Han also mentioned the company’s plans to introduce new features to Cochl.Sense for use in residential settings (including integration with smart speakers), automobiles, and music analysis. The adaptability of Cochl.Sense allows for a wide range of potential applications, such as transforming a smart speaker into a central control hub for household appliances by recognizing their operational sounds, or assisting individuals with hearing impairments by delivering alerts about important noises, like car horns, to wearable technology like smartwatches.

The sound recognition landscape

Han observes a recent trend over the last few years involving a move beyond speech recognition towards the identification of a broader range of sounds.

Notably, several leading technology firms, including Amazon, Google, and Apple, are integrating sound recognition capabilities that respond to environmental context into their products. As an illustration, Amazon Alexa Guard and Nest Secure can both identify the sound of shattering glass, and the release of iOS 14 introduced sound recognition to facilitate new accessibility options.

Han believes these developments from major technology companies are advantageous for Cochlear.ai, as they indicate growth within the sound recognition technology market. The company intends to collaborate across various sectors, but is presently prioritizing smart consumer devices and the automotive industry, where demand for its software is currently strongest. For instance, Cochlear.ai is collaborating with Daimler AG to integrate its sound recognition technology into vehicles – for example, to provide alerts if a child is accidentally left inside – alongside partnerships with prominent companies in electronics, telecommunications, and consumer goods.

While software capable of recognizing sounds such as gunshots, breaking glass, and other noises for emergency situations has existed for some time, traditional technologies frequently suffered from inaccurate detections or necessitated specialized microphones and hardware, according to Han.

Other organizations focused on advancing sound recognition technology include Audio Analytic, based in Cambridge, England, which specializes in contextually aware sound intelligence, and Sound Intelligence, located in the Netherlands, which creates software for emergency notification and healthcare applications.

Cochlear.ai aims to distinguish itself by developing software compatible with a diverse selection of microphones, including those found in lower-cost smartphones or USB devices, without requiring extensive calibration. Instead, the company leverages deep learning to refine its algorithms and minimize false alarms.

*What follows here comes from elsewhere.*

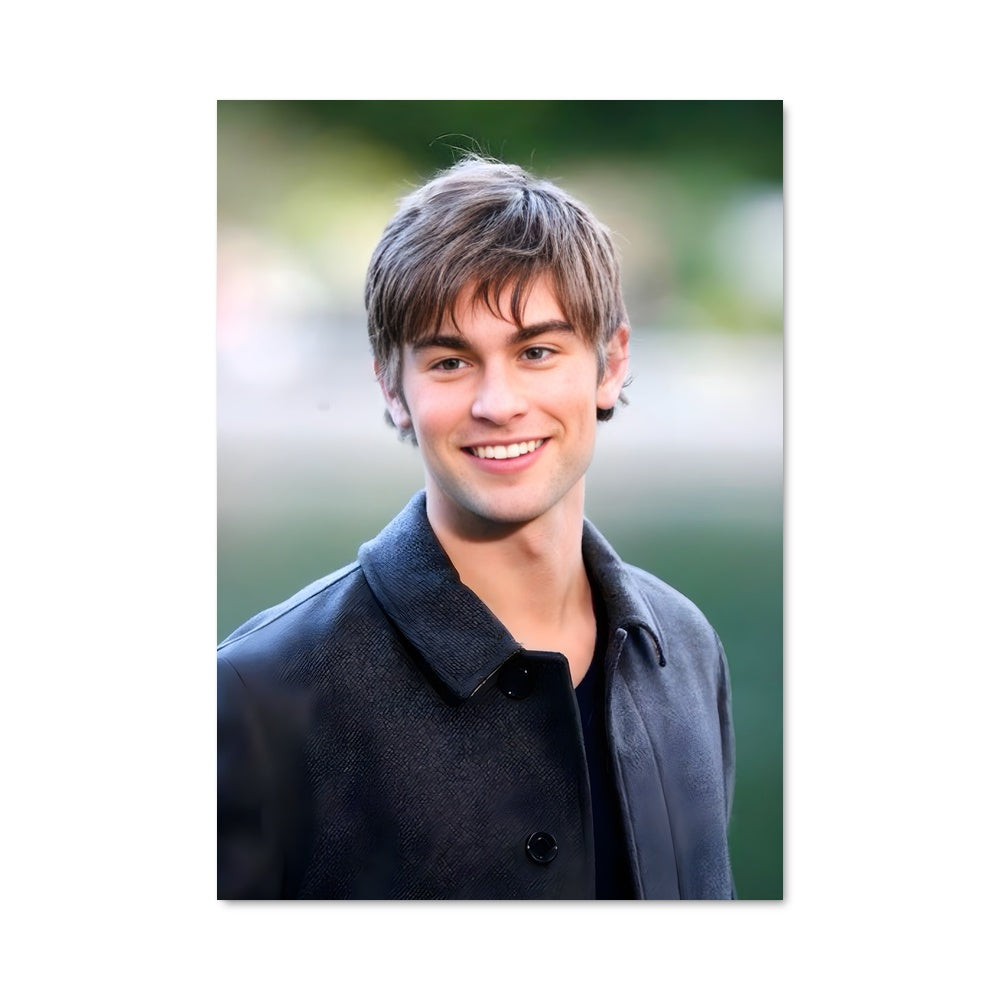 Poster Sourire de Nate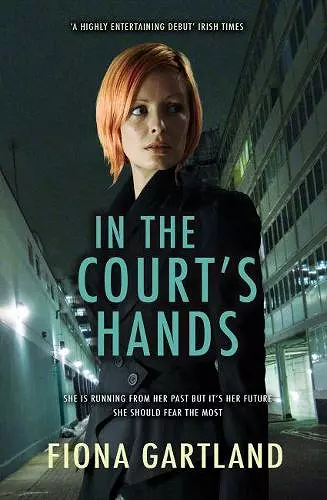 In The Courts Hands cover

In the initial phases of developing a dataset for a particular sound, the Cochlear.ai team personally records numerous audio examples using older smartphone models and USB microphones, ensuring functionality even with less sophisticated recording equipment.

Additional samples are sourced from publicly available online resources. Once the sound’s preliminary learning model achieves a certain degree of precision, it can independently search for further audio clips of the same type online, significantly accelerating the data training process. Cochlear.ai’s Series A funding will allow it to build audio sample datasets more efficiently, enabling the addition of a wider variety of sounds to its software.

“Our entire founding team consists of researchers in this area, so we are exploring numerous signal processing and machine learning methods – we are experimenting with many different algorithms, as each sound possesses unique characteristics,” Han explained. “We must test a variety of approaches to create a single model capable of identifying a comprehensive range of sounds.”

Edit: This story has been updated with the correct spelling of Audio Analytic.